EXERCISE PROMPT: Nothing but the lines below from the one that contains "For instance, all" through the one that contains "Create the Proposed" should be retyped, exactly and including both ends. Do not include pictures.

INPUT FOR THIS TASK below:

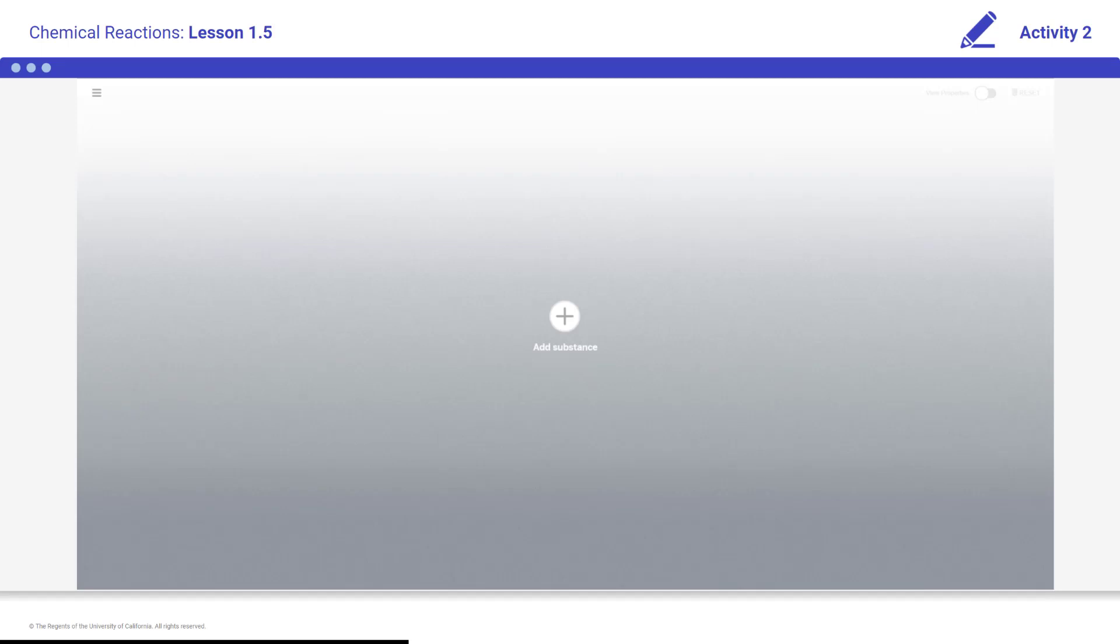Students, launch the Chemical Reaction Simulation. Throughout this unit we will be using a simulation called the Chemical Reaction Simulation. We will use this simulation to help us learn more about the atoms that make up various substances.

End of INPUT FOR THIS TASK.
INPUT FOR THIS TASK below:

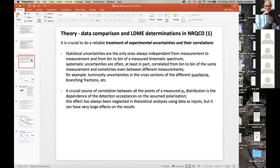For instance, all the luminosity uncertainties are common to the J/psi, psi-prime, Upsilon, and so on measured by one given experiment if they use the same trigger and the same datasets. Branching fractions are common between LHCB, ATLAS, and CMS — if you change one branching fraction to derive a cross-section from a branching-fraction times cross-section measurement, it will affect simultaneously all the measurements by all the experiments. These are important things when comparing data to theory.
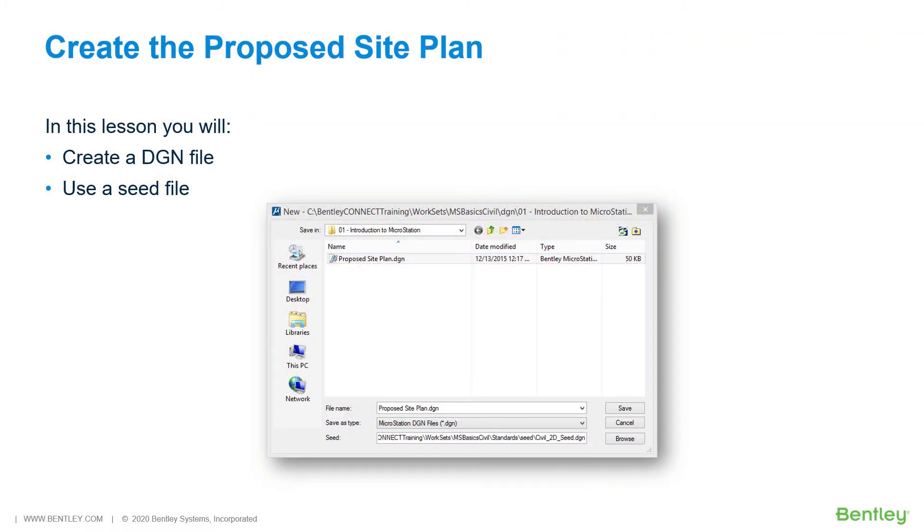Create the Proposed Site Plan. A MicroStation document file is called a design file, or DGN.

End of INPUT FOR THIS TASK.

EXERCISE ANSWER:
For instance, all the luminosity uncertainties are common to the J/psi, psi-prime, Upsilon, and so on measured by one given experiment if they use the same trigger and the same datasets. Branching fractions are common between LHCB, ATLAS, and CMS — if you change one branching fraction to derive a cross-section from a branching-fraction times cross-section measurement, it will affect simultaneously all the measurements by all the experiments. These are important things when comparing data to theory.
Create the Proposed Site Plan. A MicroStation document file is called a design file, or DGN.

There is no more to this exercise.